KoJiRo
03-10-2008, 07:20 PM
Dücane Cündioğlu - Kanunî Olmasaydı, Sinan Olur muydu?
"Osmanlı dönemi mezar taşları, medeniyetimizin müstesna kültür âbideleri arasında yer alır. En nihayet "mezar taşı" deyip geçilemez; zira bu taşlar geleneğimizin bütün zenginliklerini bünyelerinde temsil ederler. Bu taşlar -kelimenin tam anlamıyla- konuşurlar; hem de remizlerle konuşurlar; bir dilleri, bir gramerleri vardır.
Çok zengin bir semboller kataloğundan farksızdırlar. Üstelik herbiri bir sanat şaheseridir. Yeter ki bu dili, bu grameri bilelim; taşların dilinden anlayalım; sembollerin temsil ettikleri anlam haritasını çözebilecek veya çözmeyi isteyecek kadar idrak ve izan sahibi olalım.Unutmayalım ki geleneksel mezar taşlarımız, sadece mevtayı değil, aynı zamanda mevtanın ait olduğu dünyayı da remzeder. O dünyayı tanıyabilmek, o dünyanın sırlarına vakıf olabilmek, elbette bu remizlerin deşifresiyle, âdab ve erkânına nüfuz etmek suretiyle mümkündür.
Ne yazık ki mezarlıklarımız lâyıkıyla korunamıyor; zira büyük şehirlerin her yıl şişen nüfusu şehir içinde kalan alanların, tasfiyesine sebep olmakta, 1950'lerde asfalta giden mezarlıklar, 1980'lerden sonra binalar tarafından istila edilmektedir.
Yapılması gereken işlerin başında bu sanat eserlerini (evet, gerçekte klasik mezar taşlarımız birer sanat eseridir) korumaktır. Ancak korunması istenen bu kültür varlıklarının önce tanınması, bilinmesi, temsil ettikleri dünyanın yeni nesillerce kavranılması gerekir.
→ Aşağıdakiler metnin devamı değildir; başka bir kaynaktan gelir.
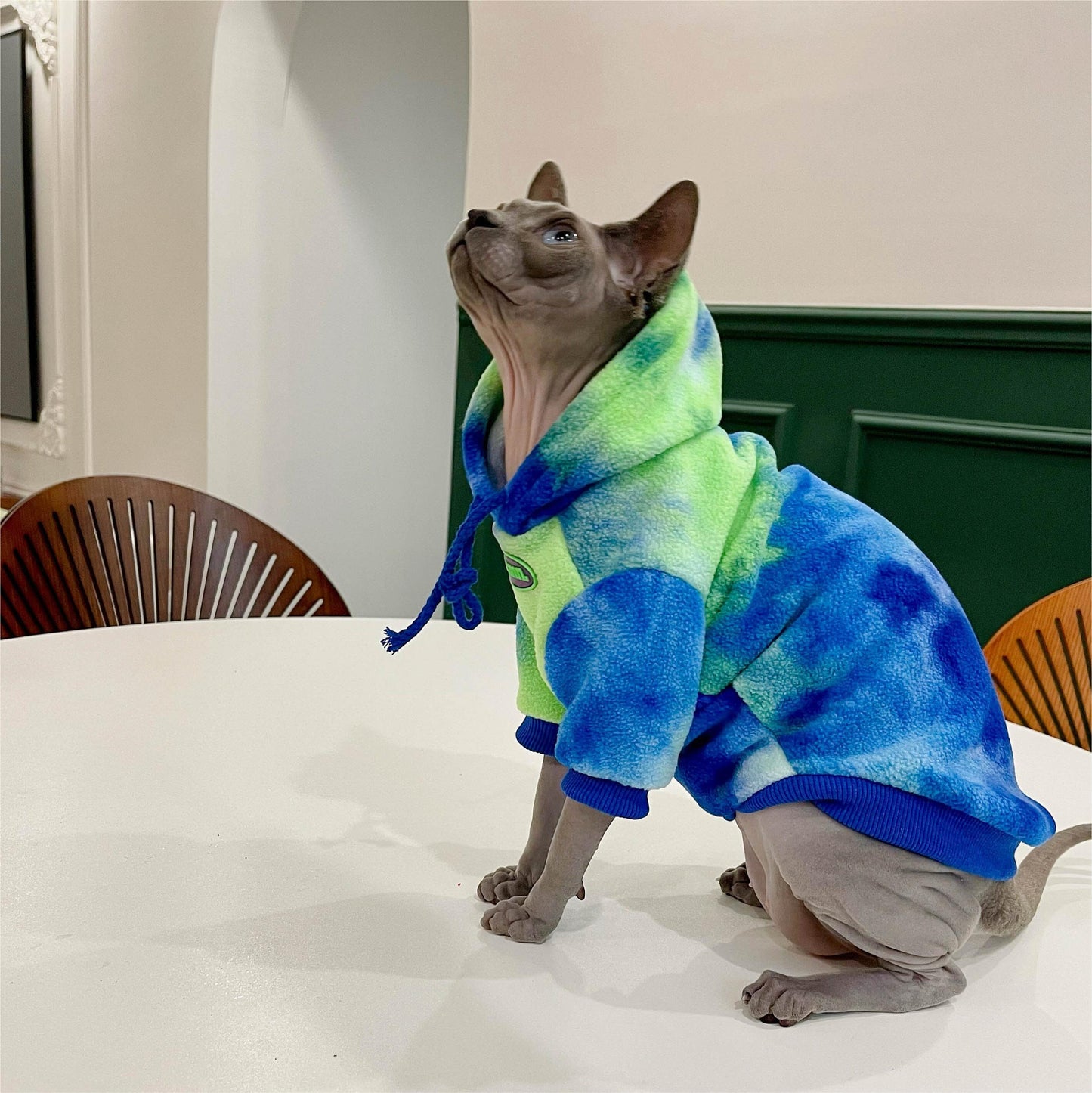 2/4-legged 2 colors Sphynx Hairless Cats Clothes, Winter Warm Hoodie for Bambino, Devon Rex Sphynx Cat Jumper Fleece Jacket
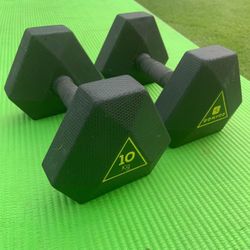 Decathlon Weight Training Hex Dumbbell, 22 lbs Each
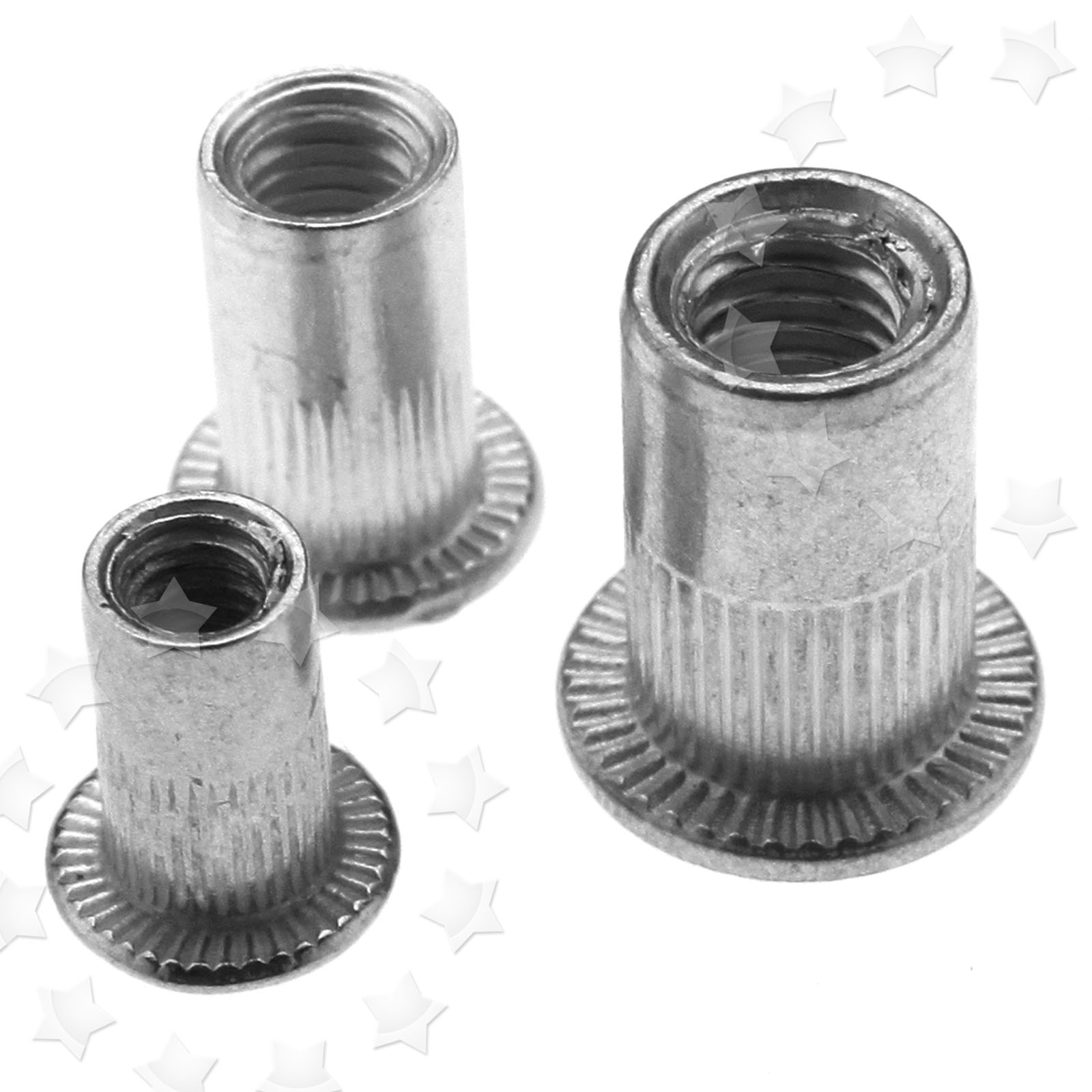 50X M4/M5/M6 GROOVEDSERRATED KNURLED LARGE HEAD RIVNUTS RIVET NUTS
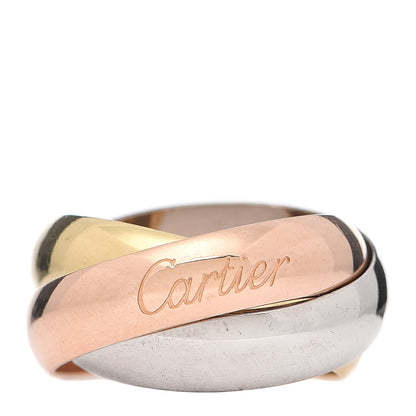 Cartier 18K Pink Yellow White Gold Large Trinity Ring 53 6.5 1 of 4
Bunun için üç payitahttan, Bursa, Edirne ve İstanbul'dan, ait oldukları yüzyıllar nazar-ı itibara alınarak -ehil uzmanlar tarafından- titizlikle seçilecek muhtelif mezartaşlarının önce numuneleri çıkarılmalı ve inşa edilecek bir müzede bu numuneler sergilenerek herbirinin hususiyetleri hakkında ziyaretçilere bilgi verilmelidir. Kültür Bakanlığı veya en azından Bursa ve İstanbul Belediyeleri pekâlâ bu işe öncülük edebilirler.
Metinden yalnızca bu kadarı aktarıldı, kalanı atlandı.